◆ **Source material**:

────────────────

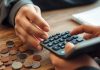 Person calculating savings interest with coins and calculator.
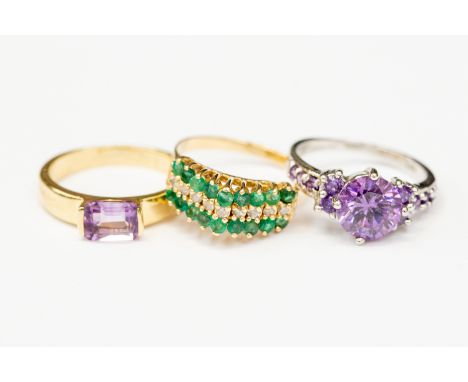 3 x 14 k marked dress rings, 1 white gold with purple stones and two yellow gold, 1 emerald cut amethyst, 1 emerald and diamo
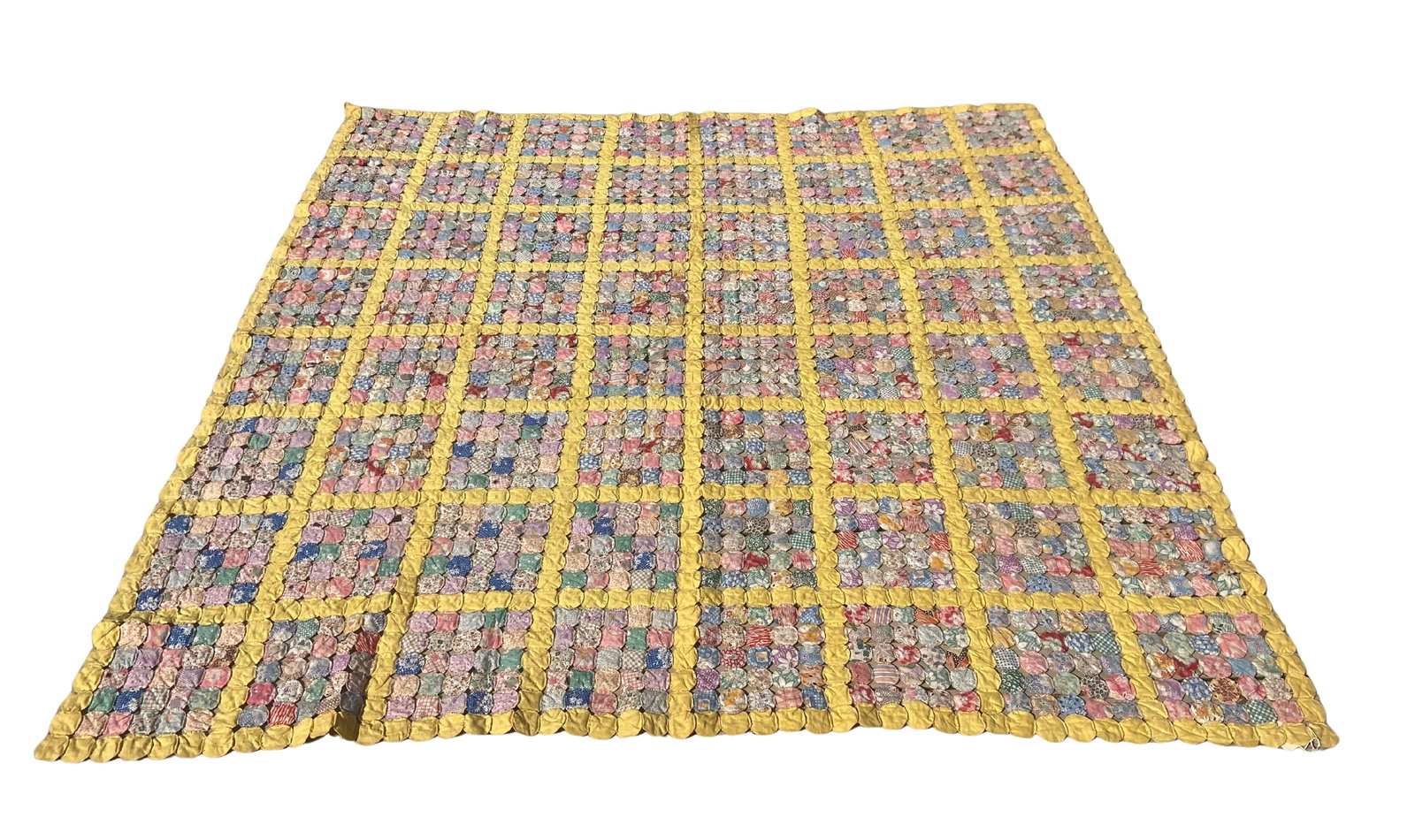 Vintage Handmade Yo-Yo Quilt, Floral Cotton Patchwork w/ Yellow Grid Design: This vintage handmade yo-yo quilt features a charming patchwork design composed of individually gathered fabric “yo-yos” arranged in a structured grid pattern. Each small circular piece is han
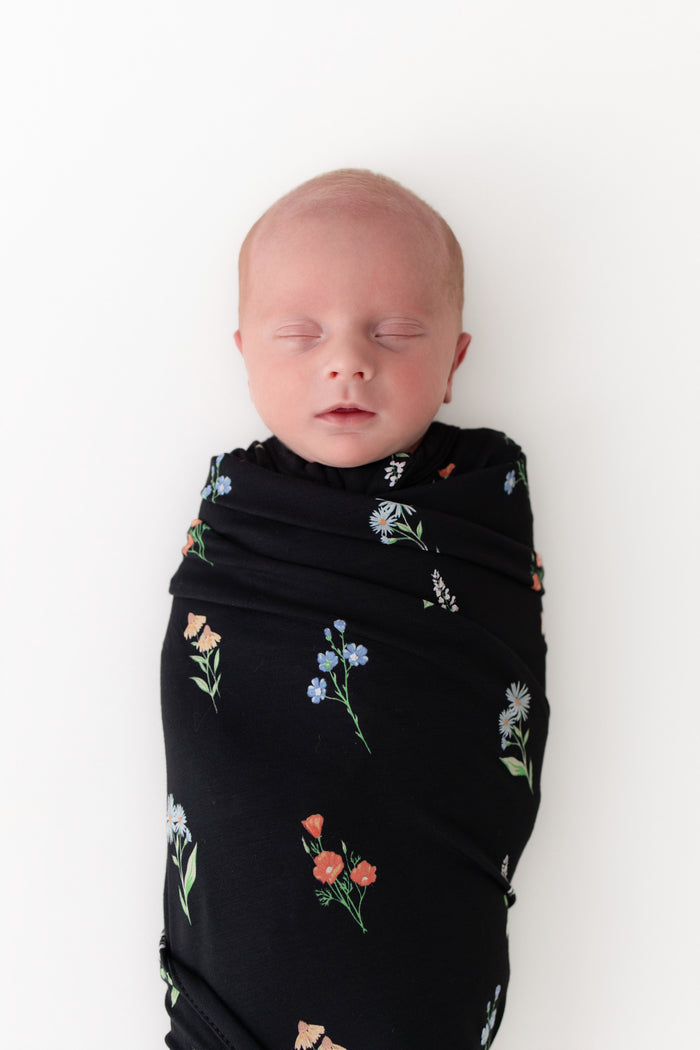Baby sleeping in Swaddle Blanket in Midnight Wildflower print on a white background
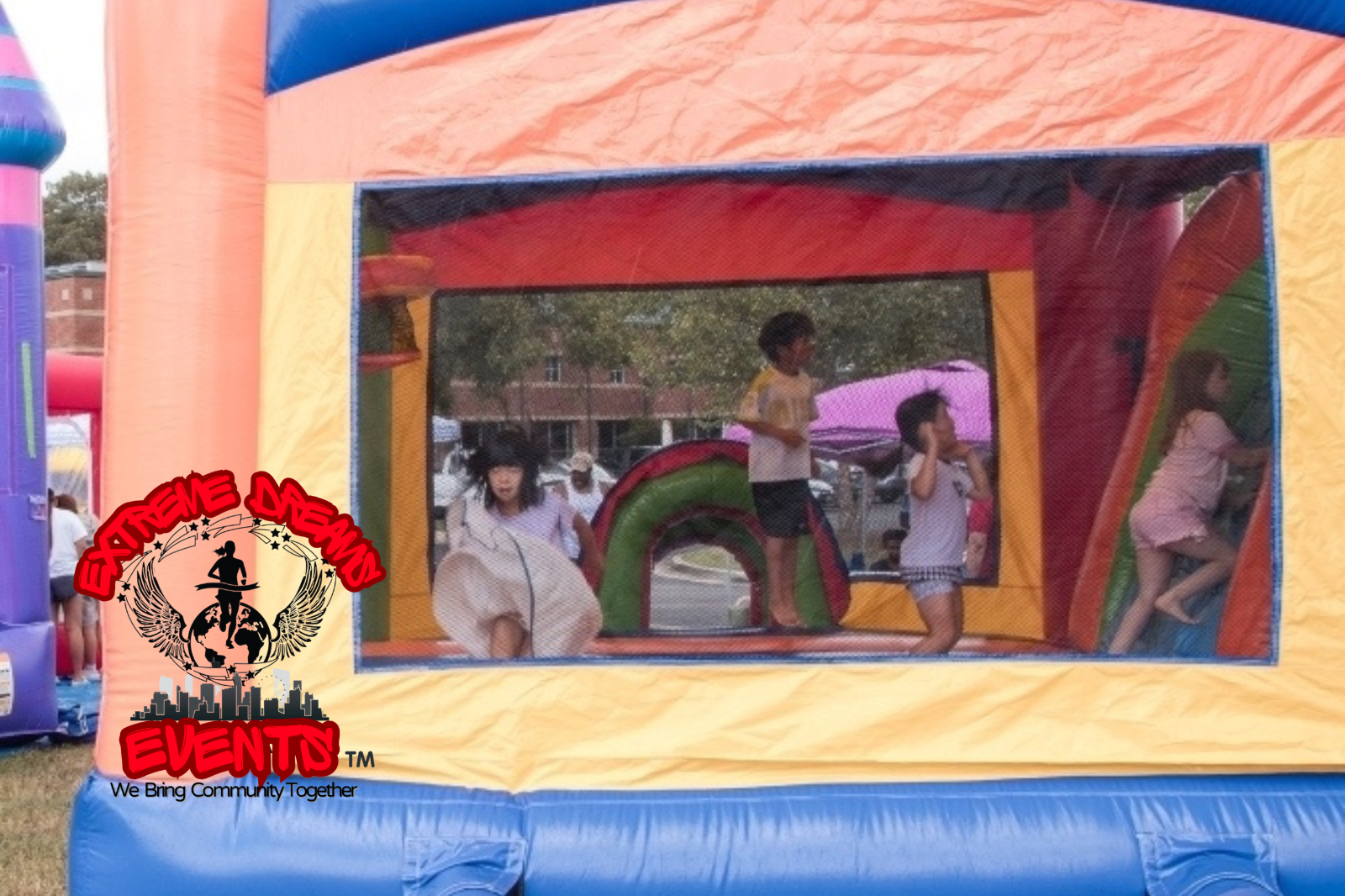 Children playing in a colorful inflatable bounce house with orange, blue, and yellow walls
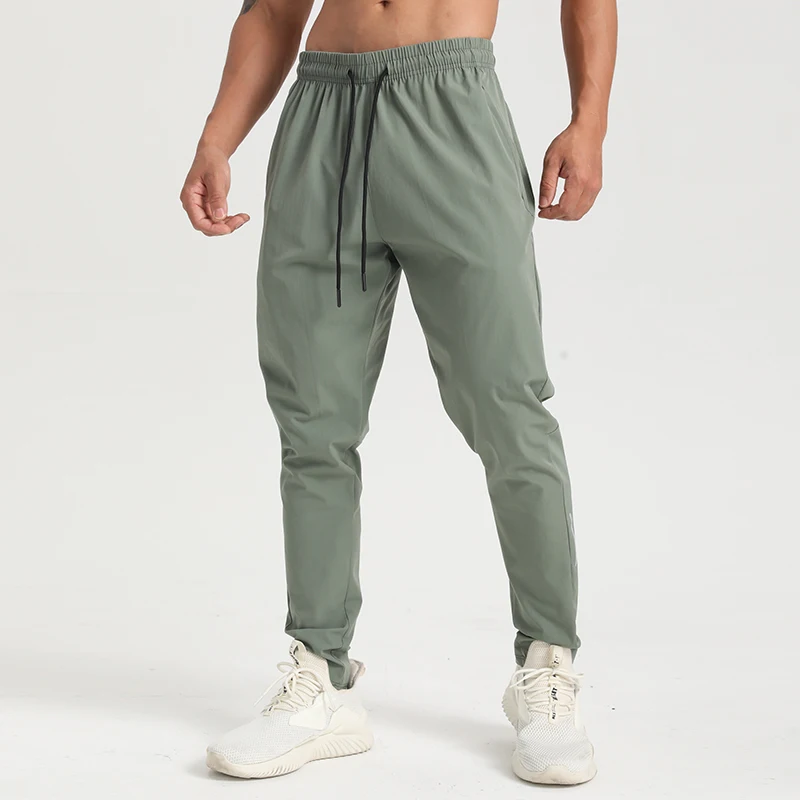 Factory direct sales four solid color blank trousers with drawstring texture quick dry fabric zipper pocket sweatpants men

────────────────

Pictures aside, reproduce exactly the lines from the one containing "Children playing in" to the end of the listing above, both ends included.

◆ **Output below**:
 Children playing in a colorful inflatable bounce house with orange, blue, and yellow walls
 Factory direct sales four solid color blank trousers with drawstring texture quick dry fabric zipper pocket sweatpants men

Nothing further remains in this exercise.